Salt & Honey

Salt & Honey

Ethno-fiction serialisation begins

Koba book 3, Chapter 1 is here

Candi Miller's avatar
Candi Miller
Jan 21, 2026
∙ Paid

Greetings, mi #arasi, my friends, in Ju|’hoansi,

the language of the people my historical fiction series is about. As promised, I will be sharing chapters of my latest novel, the final in the Koba trilogy, here, on Substack, for my paid subscribers.

Paid subscribers help me put food in the bowls of Ju|’hoan school children deep in the Kalahari desert. I co-founded the feeding scheme in 2017 and with your help and sales of these novels, have been supporting this marginalised community in their desire to help their children become ‘paper-people;- i.e. reading and writing- literate, so they can better face the challenges of the modern world knocking on their grass hut walls.

If you are not a paid subscriber, please consider becoming one for just £40 or $50 a year. You’ll be giving some of the world’s most marginalised children the chance to stay in their mother-tongue school because there is food available at the hostel. And you’ll get a stonking good read.

Daughter of the Kalahari

Picture by Candi Miller, used with consent

Koba 3

Daughter of the Kalahari

Part 1, Chapter 1

He might still be out there, that Honey badger.

Koba didn’t know how long she’d been lying in the grass. After the rifle shot she’d fallen to the ground, where she found herself lying now, face down.

Had she been shot? Hhnn, she wasn’t aware of pain anywhere. But she didn’t dare stand or even sit up - the policeman might still be within shooting distance. Silently she rolled onto her back and ran her hands over her body. No sticky wetness to indicate a bullet wound. She deliberately slowed her breathing to quieten the hammering of her heart.

He might be creeping closer; Honey badgers were fighters; they never gave up . Uhn-uhn-uhnnn, she hushed her thoughts. Listen to what the surrounds are saying.

Scritch-scratch, scritch-scratch.

Dried out grass stalks chafed irritably against one another, the Kalahari wind whispering false promises of rain. From the far distance, a snort. Koba identified it as a warthog calling to her piglets. Nearer, she heard the click-click of a grasshopper’s wing – a male warning off an intruder, she decided. But no unusual noises, no |‘Hun[1] ones like the growl of a truck, nor squeak of leather boots, nor that particular policeman-one, the one she wanted to forget, the jangle of handcuffs.

Koba rolled again onto her stomach and began to wriggle backwards, pushing off her elbows while she bent first one then the other knee, gripping with her toes to get traction in the grass. Its desperate dryness rasped her thighs, while shards of broken rock bit into skin. She’d only reversed about five feet when her foot touched something soft.

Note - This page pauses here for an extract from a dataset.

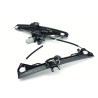 Recambio de elevalunas delantero izquierdo para peugeot 408 ii (fp_, f3_, fm_) puretech 130 referencia OEM IAM 9830815080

Soft and hairy.

Her body froze, but she swivelled her head fast, looking over her shoulder. And there lay an eland, a huge dun-coloured buck, with the characteristic three faint white stripes across its back. It lay dead still with wide-open eyes and a bullet hole squarely between the base of its gently spiralled horns. Blood oozed from its soft muzzle.

‘Huw, has that heavy person eaten my bullet?! Then she saved my life,’ Koba thought

She wasn’t as surprised as she might have been. Healers had spirit animals; a female eland seemed to be hers. Once before she’d had the distinct impression that one had saved her from certain death.

That time she’d been hunted by her old enemy, André Marais, the man who had murdered both her mother and father all those years ago near the Forbidden Pool. That eland hadn’t died.

But this buck was dead. Motionless, but still blood-warm. Mi ui a[2], she whispered to it, as she slithered past, stopping for a just a second to rest her forehead on its rump and mouth her good wishes for its journey to its ancestors.

It was then that she thought she heard two thuds: one sounded something like a blow, metal striking something softer, then a second thud which reverberated through her bare toes as something heavy hit the earth. Face down, she froze, heart pounding again and her mind racing. Was that Mannie, her lover? Or one of his new comrades? Foolish gova ma[3], in her opinion, liable to get themselves and Mannie killed.

Koba strained to hear more. She’d tensed herself for another gunshot, but instead heard a muffled argument between young male voices. She sprang up. She was in time to see two dark figures running away, dragging something between them. From the sheen of fair hair she feared it was Mannie.

Hitching up her bulky kaross[4] she began to run after them, careless now of being seen. And that’s when she tripped headlong over him. Not Mannie, but a powerfully built |‘Hun, white man, with a streak of grey in his dark hair – the policeman she called the Honey Badger. She’d met him months before, at the railway station with André Marais. Was he dead? No, she could see his chest rising and falling underneath his blue serge uniform. But he did have a big lump on the back of his head. Perhaps a blow had knocked him out? Why would the boys have attacked him?

And then she knew; Mannie would have doubled back. He must have seen the policeman lift his rifle to shoot when she rose from the tall grass to act as decoy. When she fell, Mannie would have struck him. But why hadn’t Mannie come to find her?